*HOW TO COMPLETE THIS TASK*. In the entries below, repeat only the lines between those holding "14k White Gold" and "Patek Philippe Aquanaut", inclusive. Leave pictures out.

** Opening PROVIDED DATA block **

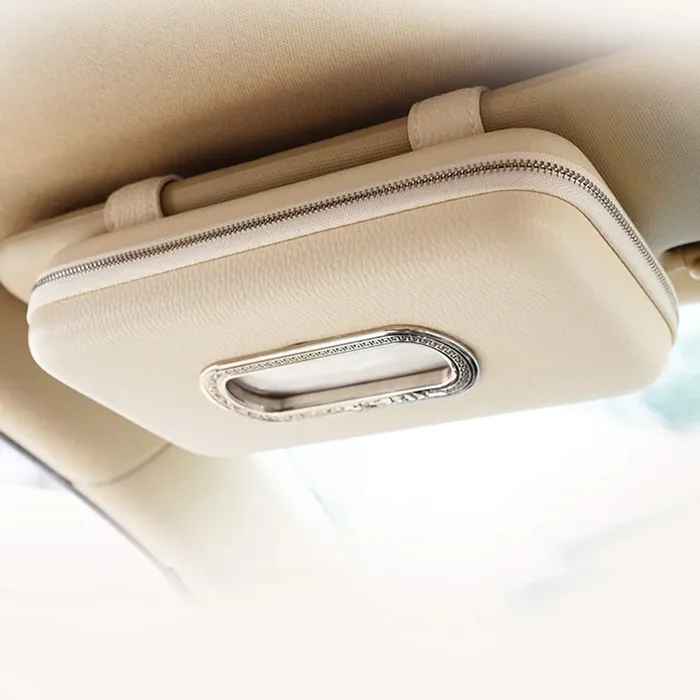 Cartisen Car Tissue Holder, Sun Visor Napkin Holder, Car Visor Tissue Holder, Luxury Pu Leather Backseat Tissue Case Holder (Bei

** Closing PROVIDED DATA block **
** Opening PROVIDED DATA block **

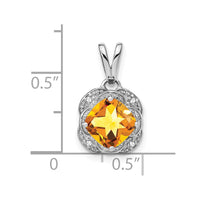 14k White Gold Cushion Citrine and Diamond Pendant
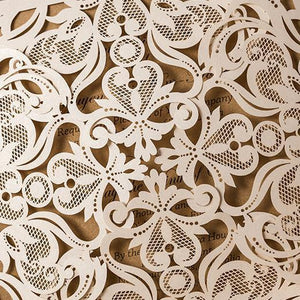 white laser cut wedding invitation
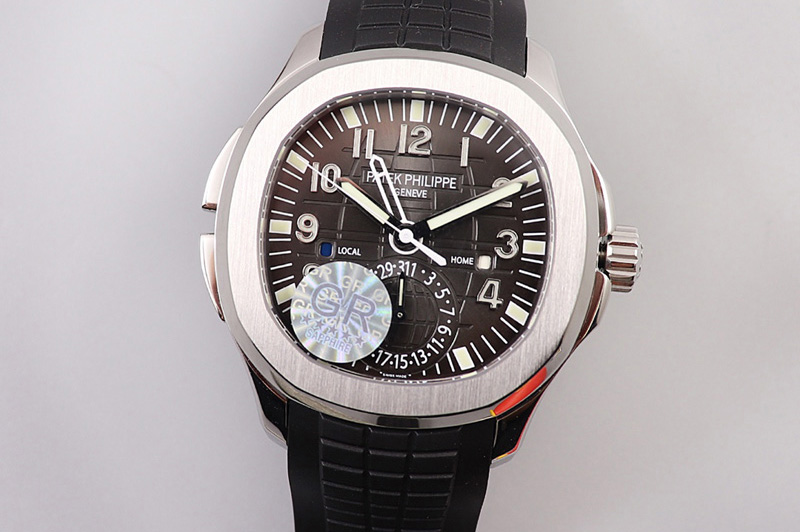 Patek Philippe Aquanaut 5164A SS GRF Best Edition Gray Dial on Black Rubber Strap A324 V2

** Closing PROVIDED DATA block **

*WRITTEN RESPONSE*.
 14k White Gold Cushion Citrine and Diamond Pendant
 white laser cut wedding invitation
 Patek Philippe Aquanaut 5164A SS GRF Best Edition Gray Dial on Black Rubber Strap A324 V2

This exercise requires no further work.